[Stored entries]
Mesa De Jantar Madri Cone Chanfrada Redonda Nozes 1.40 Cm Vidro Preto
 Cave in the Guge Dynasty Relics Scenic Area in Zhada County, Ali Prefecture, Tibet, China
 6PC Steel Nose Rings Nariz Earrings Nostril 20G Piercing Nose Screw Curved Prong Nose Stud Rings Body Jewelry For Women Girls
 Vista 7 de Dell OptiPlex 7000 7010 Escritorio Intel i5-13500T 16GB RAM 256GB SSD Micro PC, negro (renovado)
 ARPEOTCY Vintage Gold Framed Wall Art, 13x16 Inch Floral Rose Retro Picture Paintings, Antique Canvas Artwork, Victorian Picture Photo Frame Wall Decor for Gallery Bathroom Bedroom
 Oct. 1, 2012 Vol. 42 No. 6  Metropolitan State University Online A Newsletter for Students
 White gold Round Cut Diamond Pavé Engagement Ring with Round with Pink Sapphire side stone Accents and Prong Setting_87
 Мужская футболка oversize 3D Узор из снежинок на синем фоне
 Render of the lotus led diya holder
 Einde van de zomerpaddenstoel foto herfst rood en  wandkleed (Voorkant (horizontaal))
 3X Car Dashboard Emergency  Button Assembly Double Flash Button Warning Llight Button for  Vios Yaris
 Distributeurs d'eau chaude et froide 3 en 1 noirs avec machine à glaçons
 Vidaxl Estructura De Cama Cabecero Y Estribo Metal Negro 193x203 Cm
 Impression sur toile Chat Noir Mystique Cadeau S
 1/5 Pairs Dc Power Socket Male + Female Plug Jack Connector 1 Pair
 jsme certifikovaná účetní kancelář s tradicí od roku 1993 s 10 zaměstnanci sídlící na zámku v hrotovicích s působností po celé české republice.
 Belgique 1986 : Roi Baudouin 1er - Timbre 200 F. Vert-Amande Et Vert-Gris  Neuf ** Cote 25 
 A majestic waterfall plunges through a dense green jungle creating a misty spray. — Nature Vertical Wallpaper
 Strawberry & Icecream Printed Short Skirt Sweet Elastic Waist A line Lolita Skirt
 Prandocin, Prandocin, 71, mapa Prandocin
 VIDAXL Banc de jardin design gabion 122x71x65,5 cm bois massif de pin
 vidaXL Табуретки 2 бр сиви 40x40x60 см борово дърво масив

To do
The required output is the complete set of records, reproduced exactly.

Expected answer
Mesa De Jantar Madri Cone Chanfrada Redonda Nozes 1.40 Cm Vidro Preto
 Cave in the Guge Dynasty Relics Scenic Area in Zhada County, Ali Prefecture, Tibet, China
 6PC Steel Nose Rings Nariz Earrings Nostril 20G Piercing Nose Screw Curved Prong Nose Stud Rings Body Jewelry For Women Girls
 Vista 7 de Dell OptiPlex 7000 7010 Escritorio Intel i5-13500T 16GB RAM 256GB SSD Micro PC, negro (renovado)
 ARPEOTCY Vintage Gold Framed Wall Art, 13x16 Inch Floral Rose Retro Picture Paintings, Antique Canvas Artwork, Victorian Picture Photo Frame Wall Decor for Gallery Bathroom Bedroom
 Oct. 1, 2012 Vol. 42 No. 6  Metropolitan State University Online A Newsletter for Students
 White gold Round Cut Diamond Pavé Engagement Ring with Round with Pink Sapphire side stone Accents and Prong Setting_87
 Мужская футболка oversize 3D Узор из снежинок на синем фоне
 Render of the lotus led diya holder
 Einde van de zomerpaddenstoel foto herfst rood en  wandkleed (Voorkant (horizontaal))
 3X Car Dashboard Emergency  Button Assembly Double Flash Button Warning Llight Button for  Vios Yaris
 Distributeurs d'eau chaude et froide 3 en 1 noirs avec machine à glaçons
 Vidaxl Estructura De Cama Cabecero Y Estribo Metal Negro 193x203 Cm
 Impression sur toile Chat Noir Mystique Cadeau S
 1/5 Pairs Dc Power Socket Male + Female Plug Jack Connector 1 Pair
 jsme certifikovaná účetní kancelář s tradicí od roku 1993 s 10 zaměstnanci sídlící na zámku v hrotovicích s působností po celé české republice.
 Belgique 1986 : Roi Baudouin 1er - Timbre 200 F. Vert-Amande Et Vert-Gris  Neuf ** Cote 25 
 A majestic waterfall plunges through a dense green jungle creating a misty spray. — Nature Vertical Wallpaper
 Strawberry & Icecream Printed Short Skirt Sweet Elastic Waist A line Lolita Skirt
 Prandocin, Prandocin, 71, mapa Prandocin
 VIDAXL Banc de jardin design gabion 122x71x65,5 cm bois massif de pin
 vidaXL Табуретки 2 бр сиви 40x40x60 см борово дърво масив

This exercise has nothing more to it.